Ok. My ip address isn't pingable at the minute so I'll need to call my 
ISP...

>
>> Ok so this is what I want:
>> - Only allow people from behind my network to send out packets and then
>> recieve packets in a connection started by someone behind the router.
>> Do not allow anyone from the outside world just to send stuff straight
>> in. They should be dropped...
>> Although its ok to recieve packets from the outside world if they are
>> coming from a connection started by one  of my users...
> Netfilter's conntrack functionality is used achieve this.

How do I use that?

Here are the rules I have on my linux box to do this with iptables.
Will this work with openwrt?

/sbin/fw-close.sh:
    #!/bin/sh
    #
    # fw-close.sh
    #
    # Script that closes the firewall ( drops all packets )
    #

    # set default policy to DROP on input, forward, output chains

    iptables -P INPUT DROP
    iptables -P FORWARD DROP
    iptables -P OUTPUT DROP

    # flush any existing rules

    iptables -F INPUT
    iptables -F FORWARD
    iptables -F OUTPUT

/sbin/fw-start.sh:

    #!/bin/sh
    #
    # fw-start.sh
    #
    # Script that starts the firewall ( custom rules )
    #

    # First, call /sbin/fw-close.sh to drop all packets and
    # flush all rules from input, forward, output chains

    /sbin/fw-close.sh

    # Next, change default output chain policy to ACCEPT

    iptables -P OUTPUT ACCEPT

    # Next, allow localhost to communicate with local apps

    iptables -A INPUT -i lo -j ACCEPT
    iptables -A OUTPUT -o lo -j ACCEPT

    # Next, allow outgoing packets for new connections from this
    # box to the outside world, and any related packets from the
    # outside world into this box

    iptables -A OUTPUT -m state --state NEW -j ACCEPT
    iptables -A INPUT -m state --state RELATED,ESTABLISHED -j ACCEPT

    # Allow pings since they are a good debugging tool...
    iptables -A INPUT -p icmp -j ACCEPT

Ok and then I have fw-open.sh, but that opens everything when I stuff 
something up and isn't important at the minute.

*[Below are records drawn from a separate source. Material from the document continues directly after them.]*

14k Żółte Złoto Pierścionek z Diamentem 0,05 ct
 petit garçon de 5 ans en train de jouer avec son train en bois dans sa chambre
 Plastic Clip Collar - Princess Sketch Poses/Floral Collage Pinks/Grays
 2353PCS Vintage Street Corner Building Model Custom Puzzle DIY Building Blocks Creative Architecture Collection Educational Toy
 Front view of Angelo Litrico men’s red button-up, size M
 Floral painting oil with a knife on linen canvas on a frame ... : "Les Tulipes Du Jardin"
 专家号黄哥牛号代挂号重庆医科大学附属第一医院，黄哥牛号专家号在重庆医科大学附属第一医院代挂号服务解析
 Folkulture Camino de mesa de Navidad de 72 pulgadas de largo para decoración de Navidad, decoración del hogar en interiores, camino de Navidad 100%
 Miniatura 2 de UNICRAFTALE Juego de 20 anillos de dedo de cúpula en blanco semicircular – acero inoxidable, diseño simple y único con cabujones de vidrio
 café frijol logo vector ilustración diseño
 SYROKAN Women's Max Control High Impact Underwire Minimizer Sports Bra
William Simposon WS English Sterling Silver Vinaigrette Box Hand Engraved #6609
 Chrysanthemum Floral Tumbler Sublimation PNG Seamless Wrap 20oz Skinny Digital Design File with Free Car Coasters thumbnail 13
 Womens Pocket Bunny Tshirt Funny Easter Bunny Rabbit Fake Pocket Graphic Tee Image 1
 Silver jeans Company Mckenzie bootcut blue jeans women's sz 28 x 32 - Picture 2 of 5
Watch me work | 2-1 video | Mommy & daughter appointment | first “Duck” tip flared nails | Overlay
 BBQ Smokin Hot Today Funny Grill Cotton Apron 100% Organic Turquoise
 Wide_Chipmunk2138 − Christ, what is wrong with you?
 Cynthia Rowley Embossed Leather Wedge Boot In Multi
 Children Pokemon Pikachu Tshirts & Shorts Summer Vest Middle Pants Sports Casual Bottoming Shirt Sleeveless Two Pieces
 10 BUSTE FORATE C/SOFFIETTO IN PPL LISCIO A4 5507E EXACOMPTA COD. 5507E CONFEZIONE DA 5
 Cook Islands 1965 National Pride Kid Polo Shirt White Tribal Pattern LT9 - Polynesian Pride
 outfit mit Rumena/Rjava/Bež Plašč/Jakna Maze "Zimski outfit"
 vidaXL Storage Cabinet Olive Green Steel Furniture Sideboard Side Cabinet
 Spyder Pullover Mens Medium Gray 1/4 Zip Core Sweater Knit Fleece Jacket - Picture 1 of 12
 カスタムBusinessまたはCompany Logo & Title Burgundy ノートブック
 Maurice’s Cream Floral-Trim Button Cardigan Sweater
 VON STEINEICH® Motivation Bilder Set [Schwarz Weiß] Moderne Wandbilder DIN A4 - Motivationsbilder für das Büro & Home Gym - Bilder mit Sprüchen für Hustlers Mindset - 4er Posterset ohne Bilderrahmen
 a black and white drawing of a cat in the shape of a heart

So will these rules work if I run them in my openwrt router?
They are in /sbin obviously, but if I place them on the router and call 
fw-start.sh will this achieve what I want?
Or will this just block everyone out of the router including internet 
access, web gui access and ssh access?
Or are there some extra rules I could add to do what I want?

Or what is required with net filter...?

>
>> - Block people from the outside world sshing into my router, only allow
>> one local ip address to ssh in, how can I do this?
> All external (WAN) ports are closed by default, SSH has to be explicitly 
> opened on the WAN side.

Oh cool. So even if I forward port 22 to my computer I'm still safe?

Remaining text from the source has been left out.